Of course, every organisation needs people to perform certain functional roles. But handling a re-org without paying attention to its cultural impact is, at best, a game of hit and hope. I am not talking here about the immediate morale impact of structural change (although that does matter). I am talking about the significant second and third-order consequences that are involved in changing structure. The way we define and organise our roles at work influences the stories we tell ourselves about what our businesses do and why. In turn, this drives outcomes, both good and bad.

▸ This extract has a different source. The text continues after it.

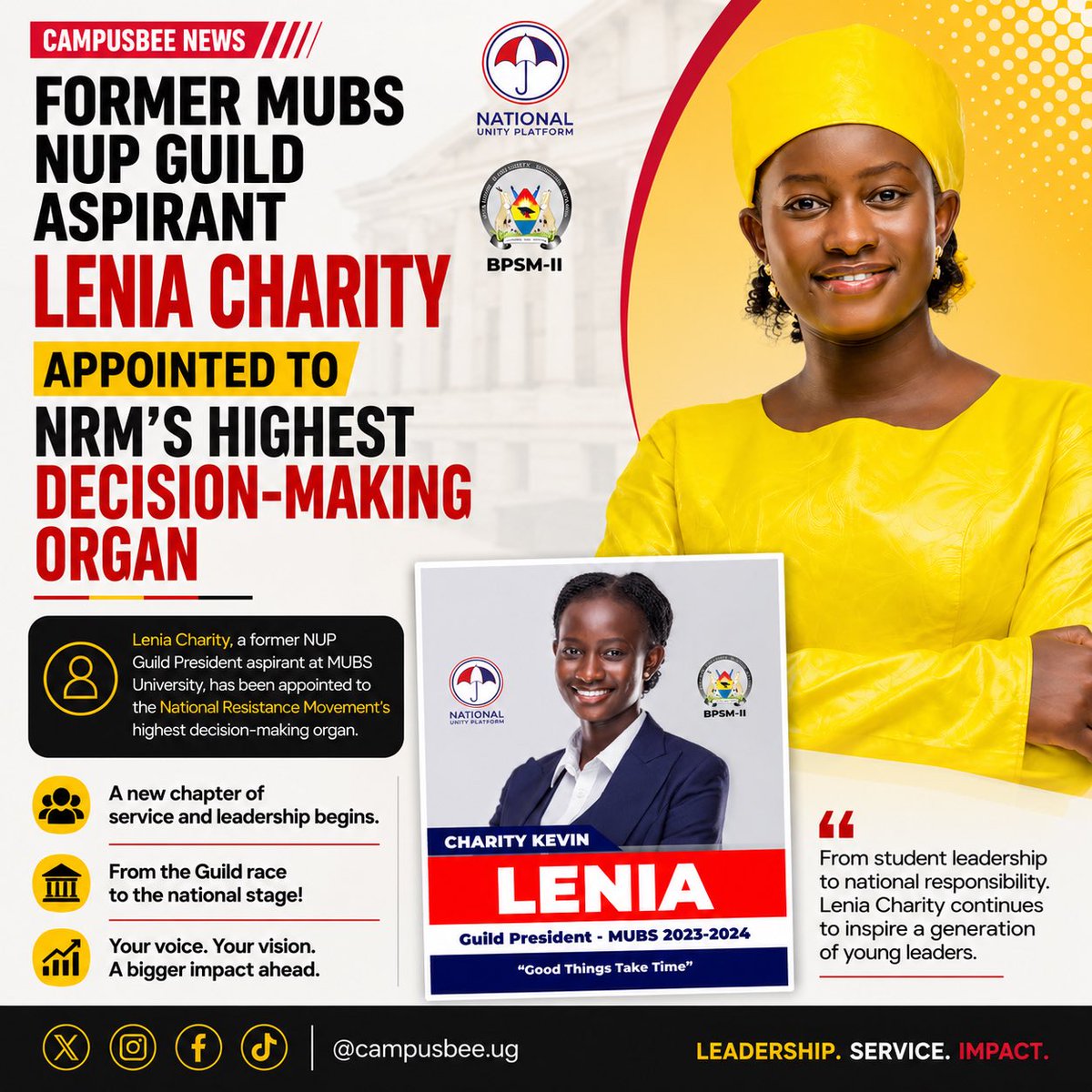 campusbeeug's tweet photo. Former MUBS NUP Guild Aspirant Lenia Charity  Appointed to NRM’s highest decision making organ. https://t.co/yFYF04NQuT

So, what is a ‘good’ structure? Organisational design is a favoured topic for many consultants. And yer gurus’ latest thoughts on, say, holacracy keep the likes of the Harvard Business Review pulling up trees. At one level the problem with such debates is that they ignore a simple reality. All businesses are different, and structures (like processes) have to work in the unique context of the business in question.
But in principle a good structure enables two things to happen.
One, intuition gets fully connected with experience. Traditional hierarchies are good at disconnecting these attributes. Leadership has the grey hair required for effective decision-making but limited native insight and connection to broader cultural trends. Junior staff have new insights borne of a different life experience but lack the clout that comes with the grind of years. Finding new ways for these qualities to interact is a prerequisite for organisational inventiveness.
Two, talent is secure and flexible enough to go where it’s needed. Matrix structures are notorious for constraining organisational talent flows. This can result in resources being locked into lower value activities and opportunities getting missed. So, the challenge is to make the matrix malleable.
Fundamental decisions on structure are often settled very early in a business’s lifecycle. Even the largest corporate organisations rarely challenge the basics. This holds true no matter how many times they restructure – despite this being a seemingly annual process. In truth, structure should be an ongoing discussion, with leaders playing an active role.
The advice, then: make sure that, “how should we organise ourselves to best effect, given what we know now, and where the future is going?” is a question asked in the far-reaching spirit that it deserves.